The lack of clothing size standardization has led to a host of problems. The first of which is “vanity sizing“, or the practice by which the same numerical size has become physically larger over the years. As noted in the linked article, this problem affects men’s clothing as well as women’s, though not to the same degree yet. (However, it’s widespread enough that this very male blogger has, at least once in the past, noticed he fit in size 38 pants just the same as a completely different pair of size 40 pants by a different manufacturer). This lack of standardization is the whole reason we even have abominations like size 0 and size 00 (at least here in the US, and in the UK). Any sane clothing sizing system should not need to have sizes at or below zero, as Ellen DeGeneres said much more eloquently and humorously on her show (1:40 to 2:15 or so). (BTW, that whole clip is worth watching, that 35-second clip is just the most relevant to my point.)

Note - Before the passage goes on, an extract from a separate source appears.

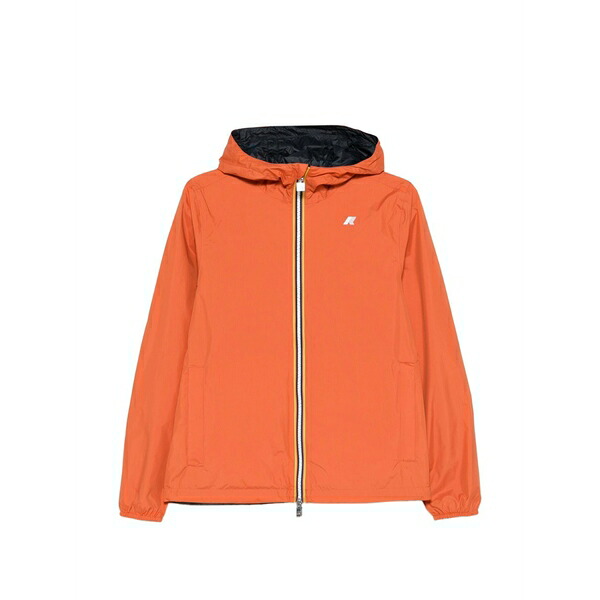 ケイウェイ メンズ ジャケット&ブルゾン アウター Hooded zip jacket Orange|asty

To be completely fair about it, Abercrombie & Fitch isn’t the only retailer or clothing manufacturer responsible for our current slate of young women and girls (and maybe even some young men and boys) with body image problems. But the concept that “you must fit into size 10 or smaller to be this cool” combined with the lack of standardization which allows A&F’s size 10 to be what a size 8 or 6 might be elsewhere is certainly not helping. While the backlash against A&F is justified, the madness won’t stop until at least two things happen: clothing sizes are standardized and clothing manufacturers who discriminate based on body size are held accountable by a customer base that deems this practice unacceptable as a group. There’s more to it than that, of course, but if I tried to be comprehensive in just one post I’d never finish it. So at some point I will probably revisit this topic; it is not something anyone can cover comprehensively in one blog post of reasonable length or even a week-long series of posts.